I don't know, I think of golf balls as pretty small. I've unravelled a few and they are wound up like rubber band inside so maybe the rationale is those rubber bands will catch the oil. It's just , when you think about it, there has to be something larger than golf balls that would work.
Maybe it would take every golf ball in America and the troops will come around and demand to search our house for them. How else are they going to get so many? Some will give theirs up willingly and the pinheads will store them away in a secret closet. Of course first there would be an investigation so the government could target golfers. They certainly wouldn't have to search every single living space in America. Too bad they didn't add it to the census survey, since they asked just about everything else.

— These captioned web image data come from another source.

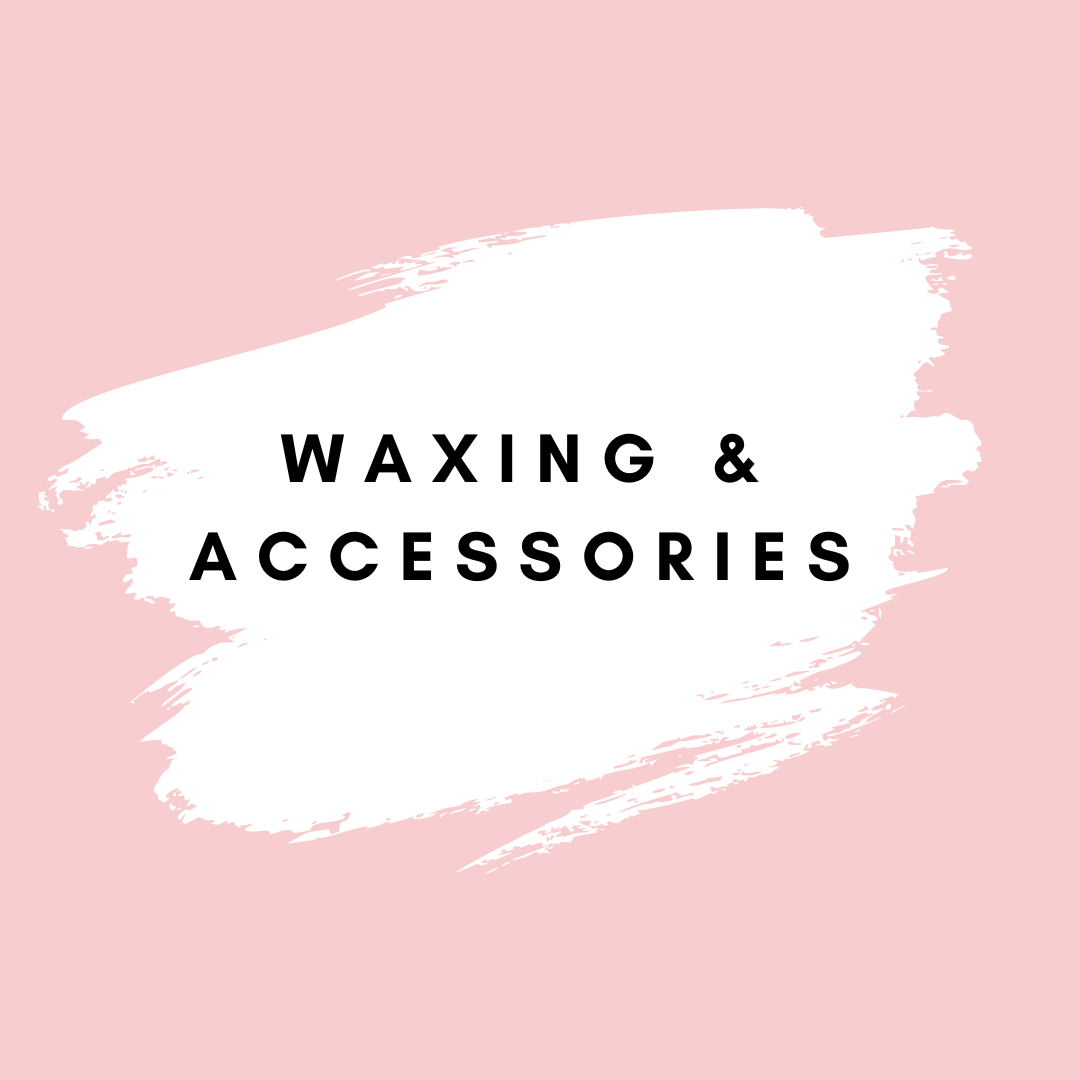 Waxing & Accessories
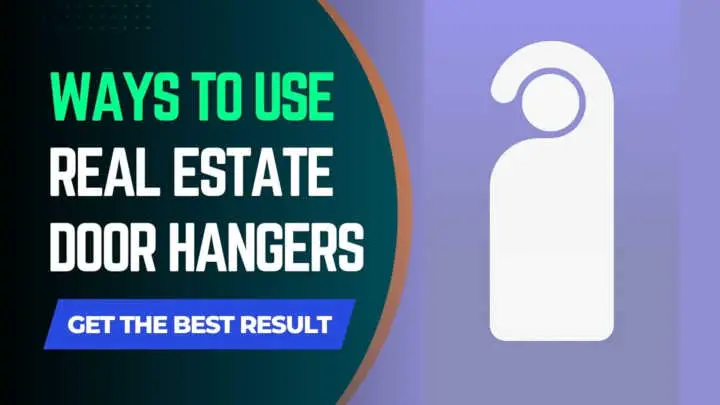 Ways to use real estate door hanger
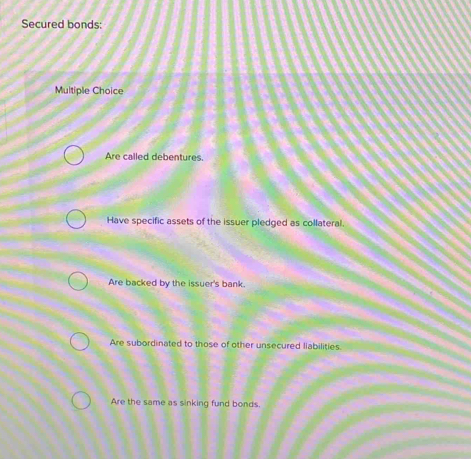 Secured bonds:
Multiple Choice
Are called debentures.
Have specific assets of the issuer pledged as collateral.
Are backed by the issuer's bank.
Are subordinated to those of other unsecured liabilities.
Are the same as sinking fund bonds.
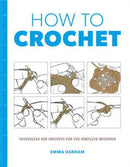 How to Crochet: Techniques and Projects for the-9781784943455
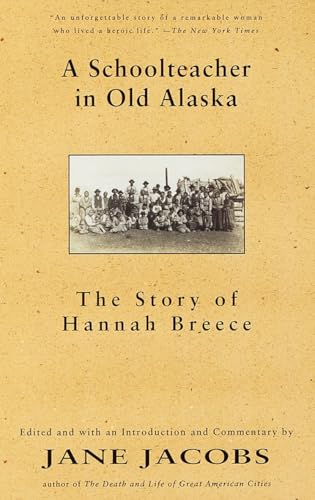 A Schoolteacher in Old Alaska: The Story of Hannah Breece - Click to Buy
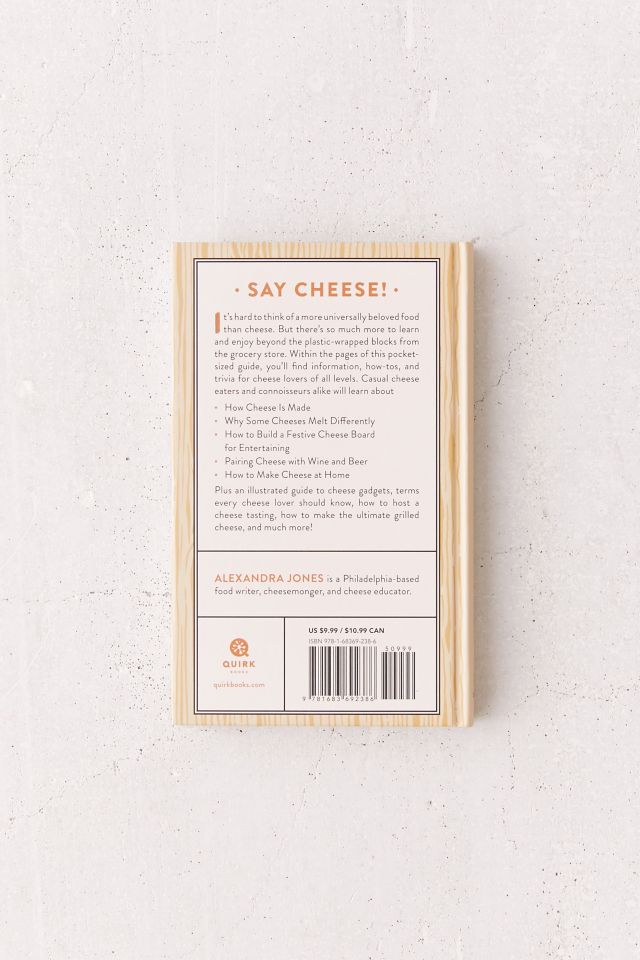 Stuff Every Cheese Lover Should Know By Alexandra Jones #5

My father collected golf balls because he was a golf freak. He collected them for about 60 years, and since he was the breadwinner in the family and was doing quite well, he could pretty much buy whatever he wanted. Who was going to stop him? Especially about something so inconsequential? Dad always played with new golf balls. So you can't even imagine how many of the ones used once we have in the attic. In fact, that's all we have in the attic.

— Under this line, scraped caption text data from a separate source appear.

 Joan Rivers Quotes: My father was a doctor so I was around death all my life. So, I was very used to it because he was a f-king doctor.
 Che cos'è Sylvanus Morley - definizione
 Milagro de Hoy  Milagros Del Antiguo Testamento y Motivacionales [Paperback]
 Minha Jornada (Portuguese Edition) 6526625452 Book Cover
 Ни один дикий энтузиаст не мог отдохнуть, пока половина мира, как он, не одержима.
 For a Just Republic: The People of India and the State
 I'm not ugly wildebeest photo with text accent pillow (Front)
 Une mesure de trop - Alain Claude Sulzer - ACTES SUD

I've never seen someone so obsessed with a sport in my life. Dad played golf videos constantly and every time you saw him standing he was practicing his swing. He'd go to the driving range for 3 hours after playing 18 holes. This was worrisome by the time he was in his 80"s. He had a putting green in his den, every golf video known to man by by his desk with one playing at all times on slow so he could mimic the swing, with headphones on so he had no interruptions, even when Mom gave a huge party for their 50th anniversary and all the other guests were be sitting down to dinner. I thought she would divorce him after that, but she careened into the Potomac River the next day in his brand new car and lived, so they were even.

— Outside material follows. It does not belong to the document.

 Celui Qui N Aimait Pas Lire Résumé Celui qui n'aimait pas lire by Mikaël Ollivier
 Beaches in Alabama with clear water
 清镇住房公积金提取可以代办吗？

All that practice paid off -- in Dad's prime his handicap was a two. Our house was filled with beautiful silver and gold trophies and every month my brothers would haul the golf balls up into the attic. This drove my mother insane. But she put up with it - like married couples need to do. She was having a great time so why would she care? She simply never went up into the attic. I can't fathom how many are up there, because the last time I opened up the latch about a hundred of them spilled onto my face and nearly knocked me off the ladder.
Therefore, this new effort to seal the leak is of grave importance to me.
Should I call the White House and offer to donate them? Be some kind of hero? I bet my father would do that. But I can't ask him, which AGAIN reminds me of the worst commercial ever made: Tiger being lectured by his dead father. I am certainly not going to try that, since he would find something to lecture me on, too.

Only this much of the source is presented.